Beavers and Banshees rugby club learns to adapt

The city’s largest (and founding) men’s and women’s rugby teams, the Ottawa Beavers and Banshees Rugby Football Club, in normal times trains out of Glebe Collegiate.   Photos: Lucas Bloess

By Lucas Bloess

The pandemic has caused an upheaval in every aspect of society. Businesses, workplaces and social gatherings have all been turned on their head over the past year. Local sporting organizations are no exception.

With the onset of COVID-19 last winter, local sports have been forced to take a bit of a pause – hockey, little-league baseball, even tennis all had to stop until it was safe to return to play. Some local sports, such as tennis at the St. James Tennis Club, were able to start up again with relative ease. Other sports, such as the Glebe Little League, opted not to run at all last summer.

Few may know this, but the Glebe is home to the city’s largest (and founding) men’s and women’s rugby teams. The Ottawa Beavers and Banshees Rugby Football Club normally trains out of Glebe Collegiate through the summer, but it had to suspend operations last year like all other team sports.

As an intensively contact sport with as many as 15 players on each side of the field, the sport has many unique challenges to overcome in order to resume in a safe manner.

The rugby club has been hit hard, but thankfully the strength of the local community has helped the club get through the past year. Local sponsors like McKeen Metro Glebe and Councillor Shawn Menard have provided the Beavers and Banshees with financial support to cover some of the club’s fixed costs through the interruptions of 2020.

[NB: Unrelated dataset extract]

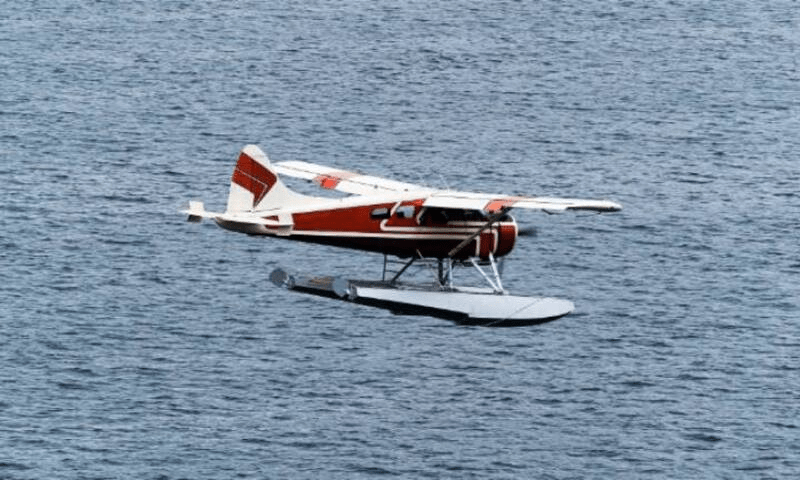 One dead, nine missing after plane crash in Washington state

Many plans had to be scrapped during the past year. The Beavers and Banshees were scheduled to host a rugby-themed day camp with the Glebe Neighbourhood Activities Group last July and a skills series at TD Place with the Aces, Ottawa’s new professional rugby team. Unfortunately, both had to be cancelled along with the club’s entire regular-season rugby programming.

Thankfully, Rugby Ontario, the sport’s provincial governing body, has since stepped in with a five-phase framework for players to begin engaging in rugby activities again. The framework is scaled according to varying public health restrictions.

“We are clearly not going to see the same level of intensive contact we used to,” said Andrew Fawcett, the club vice-president of development and COVID-19 safety officer, “but with any luck we will be back to doing some modified practice sessions by the end of May.”

Return-to-play plans will include a several changes to maintain a safe environment. Rather than focusing on the tackles, lineouts and rucks that the game is best known for, Fawcett says they will focus more on ball-handling skills and fitness. Depending on the COVID situation, some flag rugby games may be allowed as an intermediary step to getting back to normal. Other safety protocols will also be in place, such as attestation forms, attendance tracking and limits on the size and length of training sessions.

In the coming months, a strong recovery will rely on adapting and playing to the sport’s strengths – and its biggest strength right now is that rugby is an outdoor sport with different elements that allow many options to have fun playing without violating social-distancing guidelines.

The Ottawa Aces are also hoping to start up over the summer, and this exposure will certainly help stimulate a newfound interest in the sport as the Beavers and Banshees rebuild their programming. A surge in recruitment was last seen when the women’s national team won the Olympic bronze in Rio de Janeiro in 2016, so the introduction of the Aces will be a huge boost right when the sport needs it most.

The Ottawa Beavers and Banshees Rugby Club is set to return to training at Glebe Collegiate on Tuesday and Thursday evenings starting in late May (COVID restrictions pending, of course). Training will be offered for both senior men and women, as well as junior boys and girls 13 and older.

Lucas Bloess is the president of the Ottawa Beavers and Banshees Rugby Football Club and proudly calls the Glebe home for himself and his young family.